Despite the findings of this study, there has been no noticeable increase in the number of sleep aid prescriptions the Brown-Lupton Health Center gives out, said Frank Calhoon, chief pharmacist of the Health Center Pharmacy.
On average, about 20 students per semester are prescribed sleep aid medication, he said.
Jane Torgerson, a primary care M.D. at the Health Center, said she estimates that she prescribes sleep aid medication for a quarter of her patients that come in for insomnia.
Eric Wood , a licensed professional counselor at the Counseling, Testing and Mental Health Center, said many times students come in thinking they have insomnia when in reality they have underestimated the number of hours they sleep.

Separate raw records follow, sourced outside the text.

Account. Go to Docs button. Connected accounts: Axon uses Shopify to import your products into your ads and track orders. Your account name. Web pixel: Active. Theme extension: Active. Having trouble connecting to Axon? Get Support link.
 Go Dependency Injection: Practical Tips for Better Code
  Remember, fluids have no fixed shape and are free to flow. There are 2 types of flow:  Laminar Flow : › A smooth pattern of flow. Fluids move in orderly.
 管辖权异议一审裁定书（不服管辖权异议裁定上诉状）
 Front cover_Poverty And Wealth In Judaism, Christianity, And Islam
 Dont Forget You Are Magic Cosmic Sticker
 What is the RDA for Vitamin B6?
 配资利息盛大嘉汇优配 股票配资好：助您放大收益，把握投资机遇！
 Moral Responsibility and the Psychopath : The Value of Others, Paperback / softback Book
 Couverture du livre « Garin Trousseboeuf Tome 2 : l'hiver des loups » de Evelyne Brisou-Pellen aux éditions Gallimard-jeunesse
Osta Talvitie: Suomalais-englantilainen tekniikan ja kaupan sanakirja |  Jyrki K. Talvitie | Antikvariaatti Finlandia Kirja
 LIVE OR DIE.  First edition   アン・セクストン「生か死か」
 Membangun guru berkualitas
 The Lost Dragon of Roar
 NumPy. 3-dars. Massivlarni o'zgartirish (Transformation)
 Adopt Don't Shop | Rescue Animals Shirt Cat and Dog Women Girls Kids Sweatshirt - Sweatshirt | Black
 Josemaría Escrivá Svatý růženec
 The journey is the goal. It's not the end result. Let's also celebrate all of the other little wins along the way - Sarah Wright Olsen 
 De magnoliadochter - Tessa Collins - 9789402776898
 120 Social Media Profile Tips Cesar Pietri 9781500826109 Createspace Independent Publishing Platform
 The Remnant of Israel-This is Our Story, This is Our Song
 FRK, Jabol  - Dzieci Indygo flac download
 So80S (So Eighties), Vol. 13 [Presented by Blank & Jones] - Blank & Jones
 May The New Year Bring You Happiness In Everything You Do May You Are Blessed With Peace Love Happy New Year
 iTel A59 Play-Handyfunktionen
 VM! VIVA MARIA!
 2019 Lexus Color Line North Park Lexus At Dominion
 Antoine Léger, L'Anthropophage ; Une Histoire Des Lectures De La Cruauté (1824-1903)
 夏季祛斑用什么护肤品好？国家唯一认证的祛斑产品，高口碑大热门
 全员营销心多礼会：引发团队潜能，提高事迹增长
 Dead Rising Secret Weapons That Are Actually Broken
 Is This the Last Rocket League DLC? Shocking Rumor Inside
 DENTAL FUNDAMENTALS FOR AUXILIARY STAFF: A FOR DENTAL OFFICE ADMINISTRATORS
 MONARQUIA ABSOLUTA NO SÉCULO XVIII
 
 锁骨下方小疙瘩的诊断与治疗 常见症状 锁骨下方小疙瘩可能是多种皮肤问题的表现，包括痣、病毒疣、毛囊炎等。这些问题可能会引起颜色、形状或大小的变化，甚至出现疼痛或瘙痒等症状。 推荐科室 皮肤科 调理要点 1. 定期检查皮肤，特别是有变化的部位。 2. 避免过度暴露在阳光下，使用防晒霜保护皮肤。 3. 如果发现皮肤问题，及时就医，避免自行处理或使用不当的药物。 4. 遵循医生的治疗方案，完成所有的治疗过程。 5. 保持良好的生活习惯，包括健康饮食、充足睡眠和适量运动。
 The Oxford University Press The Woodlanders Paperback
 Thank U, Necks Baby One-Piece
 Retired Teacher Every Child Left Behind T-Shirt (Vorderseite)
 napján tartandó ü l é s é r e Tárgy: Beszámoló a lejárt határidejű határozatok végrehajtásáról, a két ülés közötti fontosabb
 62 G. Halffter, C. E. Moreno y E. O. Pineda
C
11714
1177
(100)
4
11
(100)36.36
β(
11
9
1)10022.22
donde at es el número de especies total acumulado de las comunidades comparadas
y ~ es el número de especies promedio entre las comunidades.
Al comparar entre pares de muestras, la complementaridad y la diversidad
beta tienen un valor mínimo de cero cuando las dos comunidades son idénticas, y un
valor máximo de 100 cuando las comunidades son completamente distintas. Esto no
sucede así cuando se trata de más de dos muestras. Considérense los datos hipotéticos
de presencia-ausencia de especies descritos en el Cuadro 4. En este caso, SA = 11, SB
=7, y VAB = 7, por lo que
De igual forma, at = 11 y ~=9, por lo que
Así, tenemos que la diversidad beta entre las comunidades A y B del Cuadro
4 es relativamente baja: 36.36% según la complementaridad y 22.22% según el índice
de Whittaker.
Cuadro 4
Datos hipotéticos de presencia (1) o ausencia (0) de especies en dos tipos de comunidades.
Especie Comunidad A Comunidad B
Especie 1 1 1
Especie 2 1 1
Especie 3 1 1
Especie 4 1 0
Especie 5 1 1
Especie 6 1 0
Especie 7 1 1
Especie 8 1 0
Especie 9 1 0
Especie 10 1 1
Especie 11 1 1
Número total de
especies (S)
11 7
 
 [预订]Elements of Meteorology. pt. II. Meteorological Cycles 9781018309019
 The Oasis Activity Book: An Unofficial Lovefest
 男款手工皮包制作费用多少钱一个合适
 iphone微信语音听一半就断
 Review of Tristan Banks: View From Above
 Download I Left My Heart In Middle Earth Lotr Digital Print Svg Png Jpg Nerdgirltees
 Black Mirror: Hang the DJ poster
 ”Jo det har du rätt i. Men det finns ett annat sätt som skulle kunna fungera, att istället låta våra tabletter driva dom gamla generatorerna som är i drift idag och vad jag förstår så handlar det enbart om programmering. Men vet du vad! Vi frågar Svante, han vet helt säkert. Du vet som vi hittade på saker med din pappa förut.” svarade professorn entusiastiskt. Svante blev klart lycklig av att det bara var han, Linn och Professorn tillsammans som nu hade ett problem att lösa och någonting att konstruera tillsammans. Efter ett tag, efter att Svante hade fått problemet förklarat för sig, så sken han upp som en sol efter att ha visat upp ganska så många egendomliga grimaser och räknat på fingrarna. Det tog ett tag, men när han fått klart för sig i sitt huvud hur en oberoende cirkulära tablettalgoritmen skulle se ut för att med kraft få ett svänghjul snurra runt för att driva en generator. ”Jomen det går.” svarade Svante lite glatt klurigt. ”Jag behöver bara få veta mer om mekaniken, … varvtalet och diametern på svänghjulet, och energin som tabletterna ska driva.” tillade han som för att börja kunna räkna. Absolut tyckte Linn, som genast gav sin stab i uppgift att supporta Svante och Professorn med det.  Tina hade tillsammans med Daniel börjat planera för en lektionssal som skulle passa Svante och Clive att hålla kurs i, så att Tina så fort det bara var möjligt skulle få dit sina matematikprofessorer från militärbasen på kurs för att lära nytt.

“Most people tend not to put much attention into their sleep routine,” Wood said. “College students often have inconsistent routines which involve going to sleep at various times.”
It is because of these changing routines that Wood said he is not surprised students come in inquiring about insomnia.
Adkins said anxiety, social issues and stress all added to her lack of sleep.
“School definitely played a big part in it,” Adkins said. “I was really worried about having to do this and that and wake up and study. It definitely stressed me out.”
Torgerson said stress and worries about school are common reasons for college-age adults to lose sleep.
She said she only prescribes sleep aid medication as a last resort after trying other possible solutions.
Over-the-counter medicines as simple as Benadryl can help students get back into their sleep routine, she said.
“All you need is to get back on track,” Torgerson said. “It’s usually not a long-term problem.”
For people having trouble sleeping, Wood said relaxation training, sleep hygiene techniques and not depending on caffeine and energy drinks will not only make going to sleep at night easier but will also make the body feel more rested.
According to the University of Maryland Medical Center’s Web site, proper sleep hygiene techniques include such things as a fixed bed time or avoiding napping during the day.